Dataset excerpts
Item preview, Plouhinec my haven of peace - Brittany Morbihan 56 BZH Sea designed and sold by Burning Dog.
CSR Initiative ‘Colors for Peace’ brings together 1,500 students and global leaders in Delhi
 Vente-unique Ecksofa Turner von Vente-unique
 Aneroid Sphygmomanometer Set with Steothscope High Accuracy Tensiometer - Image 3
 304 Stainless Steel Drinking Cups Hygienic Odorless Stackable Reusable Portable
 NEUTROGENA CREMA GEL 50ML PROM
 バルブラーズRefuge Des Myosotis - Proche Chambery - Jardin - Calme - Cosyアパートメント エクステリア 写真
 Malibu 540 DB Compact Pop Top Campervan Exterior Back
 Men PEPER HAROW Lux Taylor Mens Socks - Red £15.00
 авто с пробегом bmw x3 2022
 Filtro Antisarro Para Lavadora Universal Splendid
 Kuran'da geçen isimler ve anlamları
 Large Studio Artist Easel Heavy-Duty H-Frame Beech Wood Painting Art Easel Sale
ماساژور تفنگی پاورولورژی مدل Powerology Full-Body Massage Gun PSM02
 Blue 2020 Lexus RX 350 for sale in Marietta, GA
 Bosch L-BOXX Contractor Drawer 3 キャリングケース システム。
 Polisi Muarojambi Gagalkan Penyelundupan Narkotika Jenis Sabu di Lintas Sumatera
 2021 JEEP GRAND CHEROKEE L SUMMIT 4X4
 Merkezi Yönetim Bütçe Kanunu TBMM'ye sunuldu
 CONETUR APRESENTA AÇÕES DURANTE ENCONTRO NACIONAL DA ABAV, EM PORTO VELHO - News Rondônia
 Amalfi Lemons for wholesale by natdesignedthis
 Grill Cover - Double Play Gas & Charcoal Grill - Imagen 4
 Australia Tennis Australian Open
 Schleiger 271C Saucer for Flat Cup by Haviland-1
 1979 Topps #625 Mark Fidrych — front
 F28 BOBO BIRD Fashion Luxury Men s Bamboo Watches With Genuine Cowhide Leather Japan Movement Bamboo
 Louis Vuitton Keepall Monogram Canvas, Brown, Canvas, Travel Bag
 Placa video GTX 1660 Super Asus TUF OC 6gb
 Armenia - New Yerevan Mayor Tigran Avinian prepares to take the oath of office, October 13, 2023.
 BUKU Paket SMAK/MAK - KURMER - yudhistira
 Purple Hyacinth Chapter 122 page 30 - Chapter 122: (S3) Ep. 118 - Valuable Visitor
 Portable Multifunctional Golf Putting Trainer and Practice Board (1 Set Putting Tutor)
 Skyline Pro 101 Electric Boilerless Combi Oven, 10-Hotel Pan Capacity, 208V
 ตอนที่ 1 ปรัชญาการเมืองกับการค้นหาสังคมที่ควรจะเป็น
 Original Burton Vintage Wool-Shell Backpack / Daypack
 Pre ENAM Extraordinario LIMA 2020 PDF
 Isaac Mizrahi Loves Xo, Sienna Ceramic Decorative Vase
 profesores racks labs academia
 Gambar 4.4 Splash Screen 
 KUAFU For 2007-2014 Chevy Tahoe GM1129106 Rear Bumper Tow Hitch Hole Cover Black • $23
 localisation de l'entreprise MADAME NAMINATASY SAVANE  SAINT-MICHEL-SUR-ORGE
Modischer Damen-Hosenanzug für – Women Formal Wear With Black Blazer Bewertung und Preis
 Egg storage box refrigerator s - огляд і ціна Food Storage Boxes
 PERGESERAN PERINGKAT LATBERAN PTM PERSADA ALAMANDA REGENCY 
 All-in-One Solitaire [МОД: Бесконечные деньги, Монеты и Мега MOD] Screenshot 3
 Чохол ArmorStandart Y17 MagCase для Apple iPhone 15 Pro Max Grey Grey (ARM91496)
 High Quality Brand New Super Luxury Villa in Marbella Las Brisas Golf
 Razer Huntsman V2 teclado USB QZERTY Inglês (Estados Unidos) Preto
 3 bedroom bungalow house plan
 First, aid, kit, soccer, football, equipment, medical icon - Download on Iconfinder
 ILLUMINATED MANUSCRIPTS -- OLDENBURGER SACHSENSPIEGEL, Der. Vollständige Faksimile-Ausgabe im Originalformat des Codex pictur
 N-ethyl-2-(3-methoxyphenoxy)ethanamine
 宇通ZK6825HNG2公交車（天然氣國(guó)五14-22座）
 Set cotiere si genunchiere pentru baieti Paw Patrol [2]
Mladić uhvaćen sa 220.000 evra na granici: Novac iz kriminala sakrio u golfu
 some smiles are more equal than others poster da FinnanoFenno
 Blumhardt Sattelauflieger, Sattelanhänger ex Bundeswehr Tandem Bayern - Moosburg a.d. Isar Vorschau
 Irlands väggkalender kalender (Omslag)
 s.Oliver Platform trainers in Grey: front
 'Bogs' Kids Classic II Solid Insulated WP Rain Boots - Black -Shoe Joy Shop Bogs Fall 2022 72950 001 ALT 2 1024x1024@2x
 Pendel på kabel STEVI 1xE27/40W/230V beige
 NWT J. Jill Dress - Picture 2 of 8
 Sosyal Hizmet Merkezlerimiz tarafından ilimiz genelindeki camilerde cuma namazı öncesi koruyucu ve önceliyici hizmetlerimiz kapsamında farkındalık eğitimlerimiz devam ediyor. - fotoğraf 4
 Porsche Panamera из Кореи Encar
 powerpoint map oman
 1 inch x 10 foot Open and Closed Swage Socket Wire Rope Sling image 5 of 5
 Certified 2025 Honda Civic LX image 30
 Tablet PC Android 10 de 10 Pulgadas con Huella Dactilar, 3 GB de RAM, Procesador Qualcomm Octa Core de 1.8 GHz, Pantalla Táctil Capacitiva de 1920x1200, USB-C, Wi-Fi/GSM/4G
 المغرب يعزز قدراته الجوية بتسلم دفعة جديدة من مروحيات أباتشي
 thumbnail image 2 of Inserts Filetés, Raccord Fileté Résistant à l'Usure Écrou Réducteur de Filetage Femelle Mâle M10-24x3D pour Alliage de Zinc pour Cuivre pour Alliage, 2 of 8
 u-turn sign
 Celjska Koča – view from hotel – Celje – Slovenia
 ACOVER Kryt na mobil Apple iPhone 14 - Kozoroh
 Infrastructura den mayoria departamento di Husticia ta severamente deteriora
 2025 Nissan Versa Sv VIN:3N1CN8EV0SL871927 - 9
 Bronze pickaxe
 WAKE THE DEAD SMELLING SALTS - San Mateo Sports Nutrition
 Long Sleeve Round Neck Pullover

Problem to work on
Looking at the records above, tally the lines holding "Open" and reply with that number only.

Answer to this task
2